Au Café Chrétien, où il prend ses repas, il lui arrive de lire le journal ou de regarder la TV, il suit non sans amusement les innombrables débats sur le drapeau. A Tahiti, à l’aérodrome de Faa flottent depuis longtemps 2 drapeaux, le drapeau tahitien et le drapeau français, ce qui ne semble poser de problème à personne. Il avoue avoir du mal à comprendre comment des élus peuvent passer autant de temps et dépenser autant d’énergie en bavardages stériles alors que le Pays a accumulé un retard considérable dans de nombreux domaines.
Sur l’évolution du Pays, il est un peu dubitatif. Il esquisse un sourire en rappelant que Sarkozy a envoyé Fillon pour hisser le drapeau kanak et qu’il envisage de venir plutôt pour les Jeux du Pacifique. Beaucoup de gens profitent des retombées de la présence française, y compris parmi les kanak et il est fort probable qu’une indépendance fera inéluctablement baisser son niveau de vie.
En 2003, il était à Sydney, quand il y a eu des records de chaleur déclenchant de gigantesques incendies. Depuis son arrivée, face au port, il voit tous les jours s’échapper les sinistres volutes de fumée de Doniambo. La pollution atmosphérique, le trou dans la couche d’ozone et le dérèglement climatique auquel la Nouvelle-Calédonie contribue fortement avec ses usines métallurgiques et ses centrales thermiques lui paraissent un sujet de préoccupation autrement plus sérieux, car il pourrait bien mettre en péril les équilibres naturels, et menacer à terme à l’échelle de la planète, la sécurité alimentaire et donc la survie des hommes.

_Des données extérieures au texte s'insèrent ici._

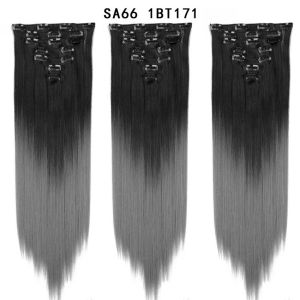 56Cm Wig Hair Clip Rambut Palsu Klip Rambut Palsu Clip In Hair Extensions Long Straight Wig Gradien Wanita Warna-Warni Fashion Potongan Wig Mulus Panjang Rambut Lurus Dengan Klip Potongan Rambut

Toujours célibataire, Il pense rentrer prochainement en Allemagne, pour y revoir son père qui a 89 ans, mais il songe d’ores et déjà à son prochain voyage au Chili, pour y retrouver le soleil des tropiques qui y fait murir des raisins produisant des vins délectables. Le lézard est en Nouvelle-Calédonie un personnage mythique. Yann, par son mode de vie atypique, loin des courses folles d’une société en proie à la frénésie de la consommation et du confort matériel, nous invite à renouer avec la sagesse du lézard : la quête des plaisirs de la vie à travers une sobriété assumée.